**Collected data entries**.
----------
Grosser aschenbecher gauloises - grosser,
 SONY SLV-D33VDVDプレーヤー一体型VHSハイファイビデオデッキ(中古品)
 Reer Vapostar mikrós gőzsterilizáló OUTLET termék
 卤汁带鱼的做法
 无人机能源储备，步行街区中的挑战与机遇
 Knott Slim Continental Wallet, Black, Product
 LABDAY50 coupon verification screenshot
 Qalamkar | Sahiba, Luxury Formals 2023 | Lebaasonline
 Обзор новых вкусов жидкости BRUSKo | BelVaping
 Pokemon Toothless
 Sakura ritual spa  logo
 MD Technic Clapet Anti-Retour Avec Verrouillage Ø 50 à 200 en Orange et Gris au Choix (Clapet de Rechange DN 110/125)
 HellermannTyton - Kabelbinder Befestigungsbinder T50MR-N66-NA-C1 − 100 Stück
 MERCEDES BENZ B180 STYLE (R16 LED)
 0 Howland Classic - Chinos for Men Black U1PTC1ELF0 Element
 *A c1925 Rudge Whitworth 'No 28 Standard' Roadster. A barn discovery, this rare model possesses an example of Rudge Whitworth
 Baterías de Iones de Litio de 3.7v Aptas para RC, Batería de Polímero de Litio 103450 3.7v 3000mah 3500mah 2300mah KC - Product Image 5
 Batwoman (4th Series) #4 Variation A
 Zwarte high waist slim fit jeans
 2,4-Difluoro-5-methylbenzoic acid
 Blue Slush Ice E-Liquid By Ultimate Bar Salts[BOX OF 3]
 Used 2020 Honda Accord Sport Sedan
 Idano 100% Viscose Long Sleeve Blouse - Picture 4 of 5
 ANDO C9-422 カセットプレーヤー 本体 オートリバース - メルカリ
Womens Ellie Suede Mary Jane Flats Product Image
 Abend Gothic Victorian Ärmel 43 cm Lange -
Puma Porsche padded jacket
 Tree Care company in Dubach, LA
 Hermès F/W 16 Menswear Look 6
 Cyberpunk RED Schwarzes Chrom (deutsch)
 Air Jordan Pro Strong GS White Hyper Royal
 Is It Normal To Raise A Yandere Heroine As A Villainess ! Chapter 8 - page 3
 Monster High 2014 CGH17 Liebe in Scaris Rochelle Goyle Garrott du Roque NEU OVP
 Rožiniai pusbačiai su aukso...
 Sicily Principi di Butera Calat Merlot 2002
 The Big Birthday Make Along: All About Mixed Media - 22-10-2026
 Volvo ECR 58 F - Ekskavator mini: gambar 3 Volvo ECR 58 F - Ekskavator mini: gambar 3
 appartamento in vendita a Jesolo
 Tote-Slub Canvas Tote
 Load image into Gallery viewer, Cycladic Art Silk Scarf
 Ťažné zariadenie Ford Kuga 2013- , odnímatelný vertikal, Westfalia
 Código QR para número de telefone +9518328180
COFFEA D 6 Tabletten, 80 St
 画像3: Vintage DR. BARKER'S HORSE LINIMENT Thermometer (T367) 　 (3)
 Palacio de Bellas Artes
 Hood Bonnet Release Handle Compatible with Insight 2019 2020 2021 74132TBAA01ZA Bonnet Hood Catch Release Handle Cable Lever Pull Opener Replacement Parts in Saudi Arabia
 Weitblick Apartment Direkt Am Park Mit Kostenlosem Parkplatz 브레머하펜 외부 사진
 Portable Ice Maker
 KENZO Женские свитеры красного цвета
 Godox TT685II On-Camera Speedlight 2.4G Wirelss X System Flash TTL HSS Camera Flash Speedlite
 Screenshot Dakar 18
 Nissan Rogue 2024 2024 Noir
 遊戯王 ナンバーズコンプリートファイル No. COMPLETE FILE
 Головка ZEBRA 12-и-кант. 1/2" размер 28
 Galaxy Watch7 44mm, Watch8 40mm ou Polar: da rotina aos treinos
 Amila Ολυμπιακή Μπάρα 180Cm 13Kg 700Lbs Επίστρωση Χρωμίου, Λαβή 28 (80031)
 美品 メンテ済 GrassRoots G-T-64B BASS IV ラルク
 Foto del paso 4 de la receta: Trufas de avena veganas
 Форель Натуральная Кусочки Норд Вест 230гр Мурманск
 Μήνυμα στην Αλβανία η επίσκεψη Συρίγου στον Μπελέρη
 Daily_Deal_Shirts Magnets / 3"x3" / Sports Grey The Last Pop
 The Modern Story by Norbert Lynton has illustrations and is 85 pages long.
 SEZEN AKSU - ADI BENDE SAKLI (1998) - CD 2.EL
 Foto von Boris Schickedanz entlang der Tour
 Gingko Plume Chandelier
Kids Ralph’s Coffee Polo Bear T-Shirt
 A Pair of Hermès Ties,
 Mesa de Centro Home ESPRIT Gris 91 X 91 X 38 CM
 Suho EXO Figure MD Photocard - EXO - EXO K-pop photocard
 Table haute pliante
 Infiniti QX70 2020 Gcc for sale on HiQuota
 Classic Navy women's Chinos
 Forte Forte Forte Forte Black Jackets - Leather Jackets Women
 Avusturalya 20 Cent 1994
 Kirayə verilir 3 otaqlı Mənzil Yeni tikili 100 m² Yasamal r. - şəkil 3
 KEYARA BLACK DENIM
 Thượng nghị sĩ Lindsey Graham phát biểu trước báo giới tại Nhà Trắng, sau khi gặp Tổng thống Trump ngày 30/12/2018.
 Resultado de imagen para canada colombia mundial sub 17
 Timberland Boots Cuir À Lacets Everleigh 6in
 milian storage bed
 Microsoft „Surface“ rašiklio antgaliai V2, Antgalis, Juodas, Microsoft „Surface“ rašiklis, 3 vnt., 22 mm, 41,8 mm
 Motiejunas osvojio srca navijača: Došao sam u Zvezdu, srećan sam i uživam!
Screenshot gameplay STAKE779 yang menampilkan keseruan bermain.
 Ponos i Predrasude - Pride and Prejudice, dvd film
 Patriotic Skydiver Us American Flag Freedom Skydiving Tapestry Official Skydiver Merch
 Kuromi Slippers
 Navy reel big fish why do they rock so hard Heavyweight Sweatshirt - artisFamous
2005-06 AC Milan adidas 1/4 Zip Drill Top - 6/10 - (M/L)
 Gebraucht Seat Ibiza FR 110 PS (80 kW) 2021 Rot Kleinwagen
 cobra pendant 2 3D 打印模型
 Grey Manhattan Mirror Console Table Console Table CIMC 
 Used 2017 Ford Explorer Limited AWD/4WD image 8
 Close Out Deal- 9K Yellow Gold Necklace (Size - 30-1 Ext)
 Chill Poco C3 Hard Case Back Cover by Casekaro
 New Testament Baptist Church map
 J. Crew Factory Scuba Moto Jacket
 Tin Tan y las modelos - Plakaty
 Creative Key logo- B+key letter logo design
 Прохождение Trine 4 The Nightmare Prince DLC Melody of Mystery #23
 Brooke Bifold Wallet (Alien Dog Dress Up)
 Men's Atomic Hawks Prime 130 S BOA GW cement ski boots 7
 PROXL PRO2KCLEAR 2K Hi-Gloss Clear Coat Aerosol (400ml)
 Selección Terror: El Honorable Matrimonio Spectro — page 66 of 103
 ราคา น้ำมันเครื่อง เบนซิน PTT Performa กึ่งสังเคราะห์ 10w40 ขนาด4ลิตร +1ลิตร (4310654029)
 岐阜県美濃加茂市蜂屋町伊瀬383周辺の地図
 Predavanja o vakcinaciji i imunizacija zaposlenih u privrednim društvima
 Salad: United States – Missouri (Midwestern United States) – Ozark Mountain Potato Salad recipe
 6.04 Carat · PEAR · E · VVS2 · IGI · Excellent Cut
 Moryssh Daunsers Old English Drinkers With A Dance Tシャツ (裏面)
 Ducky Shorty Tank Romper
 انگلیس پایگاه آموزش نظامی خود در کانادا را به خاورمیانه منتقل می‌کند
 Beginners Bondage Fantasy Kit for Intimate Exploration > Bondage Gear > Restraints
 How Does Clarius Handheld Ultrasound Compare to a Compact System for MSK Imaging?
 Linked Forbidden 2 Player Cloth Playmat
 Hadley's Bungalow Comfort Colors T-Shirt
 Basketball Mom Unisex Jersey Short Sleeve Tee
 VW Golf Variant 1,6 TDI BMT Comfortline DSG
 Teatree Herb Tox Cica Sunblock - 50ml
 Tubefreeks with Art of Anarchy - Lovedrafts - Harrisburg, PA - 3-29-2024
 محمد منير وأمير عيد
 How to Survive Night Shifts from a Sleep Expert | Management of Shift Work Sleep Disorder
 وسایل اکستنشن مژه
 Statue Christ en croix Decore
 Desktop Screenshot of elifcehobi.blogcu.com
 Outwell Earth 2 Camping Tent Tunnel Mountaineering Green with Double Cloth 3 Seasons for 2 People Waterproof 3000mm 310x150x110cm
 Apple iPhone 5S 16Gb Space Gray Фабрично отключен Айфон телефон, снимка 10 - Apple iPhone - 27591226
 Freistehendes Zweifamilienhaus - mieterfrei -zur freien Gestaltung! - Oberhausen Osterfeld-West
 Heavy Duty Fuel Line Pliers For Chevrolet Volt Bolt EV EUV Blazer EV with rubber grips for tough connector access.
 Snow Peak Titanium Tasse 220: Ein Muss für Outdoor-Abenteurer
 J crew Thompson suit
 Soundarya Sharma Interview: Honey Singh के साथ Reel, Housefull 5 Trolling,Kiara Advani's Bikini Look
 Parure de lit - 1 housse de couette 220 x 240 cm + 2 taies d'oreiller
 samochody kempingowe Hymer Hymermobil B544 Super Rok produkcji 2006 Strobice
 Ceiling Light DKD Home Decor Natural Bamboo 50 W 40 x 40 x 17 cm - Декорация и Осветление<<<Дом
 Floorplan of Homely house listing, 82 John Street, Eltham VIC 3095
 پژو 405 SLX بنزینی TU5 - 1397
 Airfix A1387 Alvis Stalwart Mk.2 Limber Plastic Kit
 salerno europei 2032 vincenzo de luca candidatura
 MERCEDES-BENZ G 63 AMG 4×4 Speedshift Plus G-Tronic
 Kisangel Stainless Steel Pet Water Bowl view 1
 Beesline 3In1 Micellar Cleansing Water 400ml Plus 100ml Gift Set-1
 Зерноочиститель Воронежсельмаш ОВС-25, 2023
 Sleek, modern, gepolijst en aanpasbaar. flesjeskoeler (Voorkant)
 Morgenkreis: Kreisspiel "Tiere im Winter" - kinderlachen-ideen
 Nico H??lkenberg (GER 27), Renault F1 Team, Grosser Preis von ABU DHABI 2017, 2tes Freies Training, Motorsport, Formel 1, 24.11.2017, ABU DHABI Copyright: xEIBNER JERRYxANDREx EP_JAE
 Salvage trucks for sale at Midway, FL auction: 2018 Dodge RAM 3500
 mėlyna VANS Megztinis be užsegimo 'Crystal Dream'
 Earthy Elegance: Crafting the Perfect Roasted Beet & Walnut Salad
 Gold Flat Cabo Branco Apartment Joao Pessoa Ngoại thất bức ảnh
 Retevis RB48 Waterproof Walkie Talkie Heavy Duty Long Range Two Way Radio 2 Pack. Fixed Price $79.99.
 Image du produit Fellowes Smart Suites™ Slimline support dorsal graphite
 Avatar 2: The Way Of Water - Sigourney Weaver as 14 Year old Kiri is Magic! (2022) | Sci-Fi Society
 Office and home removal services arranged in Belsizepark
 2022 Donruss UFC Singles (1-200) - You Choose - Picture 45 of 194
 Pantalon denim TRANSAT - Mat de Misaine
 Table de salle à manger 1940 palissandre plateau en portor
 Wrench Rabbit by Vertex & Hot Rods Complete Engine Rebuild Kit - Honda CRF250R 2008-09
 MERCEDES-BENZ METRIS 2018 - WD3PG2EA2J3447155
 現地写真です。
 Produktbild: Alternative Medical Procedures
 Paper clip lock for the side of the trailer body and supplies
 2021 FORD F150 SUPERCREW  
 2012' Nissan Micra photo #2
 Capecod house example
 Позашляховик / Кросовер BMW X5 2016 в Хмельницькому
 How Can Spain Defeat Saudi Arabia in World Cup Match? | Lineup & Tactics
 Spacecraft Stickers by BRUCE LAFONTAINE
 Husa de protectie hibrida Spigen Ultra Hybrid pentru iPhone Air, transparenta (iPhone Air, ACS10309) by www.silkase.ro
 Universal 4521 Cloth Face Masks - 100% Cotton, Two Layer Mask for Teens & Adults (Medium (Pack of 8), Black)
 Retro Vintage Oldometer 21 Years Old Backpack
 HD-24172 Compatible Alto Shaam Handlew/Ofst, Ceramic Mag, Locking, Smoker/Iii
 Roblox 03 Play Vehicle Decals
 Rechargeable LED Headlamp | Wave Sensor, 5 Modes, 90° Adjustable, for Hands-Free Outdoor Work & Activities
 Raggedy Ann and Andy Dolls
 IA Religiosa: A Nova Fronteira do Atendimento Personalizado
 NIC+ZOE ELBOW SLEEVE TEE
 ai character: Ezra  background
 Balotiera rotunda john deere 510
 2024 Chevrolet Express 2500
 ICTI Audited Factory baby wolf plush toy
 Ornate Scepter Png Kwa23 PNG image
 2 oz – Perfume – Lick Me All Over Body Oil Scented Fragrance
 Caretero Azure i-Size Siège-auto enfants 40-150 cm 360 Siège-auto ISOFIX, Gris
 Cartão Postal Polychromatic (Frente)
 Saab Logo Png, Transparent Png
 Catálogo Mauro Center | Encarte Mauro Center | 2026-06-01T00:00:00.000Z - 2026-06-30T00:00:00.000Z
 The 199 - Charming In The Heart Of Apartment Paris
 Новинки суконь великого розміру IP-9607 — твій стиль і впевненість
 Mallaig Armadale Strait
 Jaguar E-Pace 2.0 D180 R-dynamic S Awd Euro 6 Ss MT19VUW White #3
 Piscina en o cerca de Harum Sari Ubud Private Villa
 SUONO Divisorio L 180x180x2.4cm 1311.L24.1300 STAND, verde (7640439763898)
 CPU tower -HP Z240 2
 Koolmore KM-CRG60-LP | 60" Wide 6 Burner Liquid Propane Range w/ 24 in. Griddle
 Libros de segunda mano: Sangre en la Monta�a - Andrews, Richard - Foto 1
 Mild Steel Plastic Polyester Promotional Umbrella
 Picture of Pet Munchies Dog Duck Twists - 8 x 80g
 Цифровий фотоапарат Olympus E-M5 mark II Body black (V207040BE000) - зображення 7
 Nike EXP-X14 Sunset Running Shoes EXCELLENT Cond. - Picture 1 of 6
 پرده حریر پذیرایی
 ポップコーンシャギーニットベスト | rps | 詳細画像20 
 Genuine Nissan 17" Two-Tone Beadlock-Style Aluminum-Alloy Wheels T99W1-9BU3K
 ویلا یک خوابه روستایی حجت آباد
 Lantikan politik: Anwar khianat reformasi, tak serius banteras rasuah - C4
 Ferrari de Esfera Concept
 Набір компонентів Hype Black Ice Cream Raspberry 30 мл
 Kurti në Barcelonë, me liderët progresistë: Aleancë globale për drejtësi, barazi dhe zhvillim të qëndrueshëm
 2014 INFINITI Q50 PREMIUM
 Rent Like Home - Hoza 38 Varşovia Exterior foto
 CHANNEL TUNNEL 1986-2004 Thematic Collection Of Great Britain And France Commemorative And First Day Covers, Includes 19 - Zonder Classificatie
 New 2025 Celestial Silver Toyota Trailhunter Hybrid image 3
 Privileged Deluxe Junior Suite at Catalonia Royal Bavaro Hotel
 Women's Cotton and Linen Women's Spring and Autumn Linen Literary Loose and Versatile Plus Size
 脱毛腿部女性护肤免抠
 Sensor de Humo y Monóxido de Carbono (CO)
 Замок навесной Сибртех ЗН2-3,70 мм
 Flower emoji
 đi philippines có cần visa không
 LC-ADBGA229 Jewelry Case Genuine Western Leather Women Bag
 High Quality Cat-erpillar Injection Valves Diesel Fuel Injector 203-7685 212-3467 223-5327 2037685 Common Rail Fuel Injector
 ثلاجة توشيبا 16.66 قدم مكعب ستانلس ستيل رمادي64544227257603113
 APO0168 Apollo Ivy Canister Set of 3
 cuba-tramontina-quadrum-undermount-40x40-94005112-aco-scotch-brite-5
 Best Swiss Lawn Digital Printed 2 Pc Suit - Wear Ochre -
----------
**ACTION ITEM**.
Reproduce the lines of the entries above from the one with "ICTI Audited Factory baby wolf plush toy" to the one with "Цифровий фотоапарат Olympus", both included, exactly and without any other line.

**WRITTEN SOLUTION**.
 ICTI Audited Factory baby wolf plush toy
 Ornate Scepter Png Kwa23 PNG image
 2 oz – Perfume – Lick Me All Over Body Oil Scented Fragrance
 Caretero Azure i-Size Siège-auto enfants 40-150 cm 360 Siège-auto ISOFIX, Gris
 Cartão Postal Polychromatic (Frente)
 Saab Logo Png, Transparent Png
 Catálogo Mauro Center | Encarte Mauro Center | 2026-06-01T00:00:00.000Z - 2026-06-30T00:00:00.000Z
 The 199 - Charming In The Heart Of Apartment Paris
 Новинки суконь великого розміру IP-9607 — твій стиль і впевненість
 Mallaig Armadale Strait
 Jaguar E-Pace 2.0 D180 R-dynamic S Awd Euro 6 Ss MT19VUW White #3
 Piscina en o cerca de Harum Sari Ubud Private Villa
 SUONO Divisorio L 180x180x2.4cm 1311.L24.1300 STAND, verde (7640439763898)
 CPU tower -HP Z240 2
 Koolmore KM-CRG60-LP | 60" Wide 6 Burner Liquid Propane Range w/ 24 in. Griddle
 Libros de segunda mano: Sangre en la Monta�a - Andrews, Richard - Foto 1
 Mild Steel Plastic Polyester Promotional Umbrella
 Picture of Pet Munchies Dog Duck Twists - 8 x 80g
 Цифровий фотоапарат Olympus E-M5 mark II Body black (V207040BE000) - зображення 7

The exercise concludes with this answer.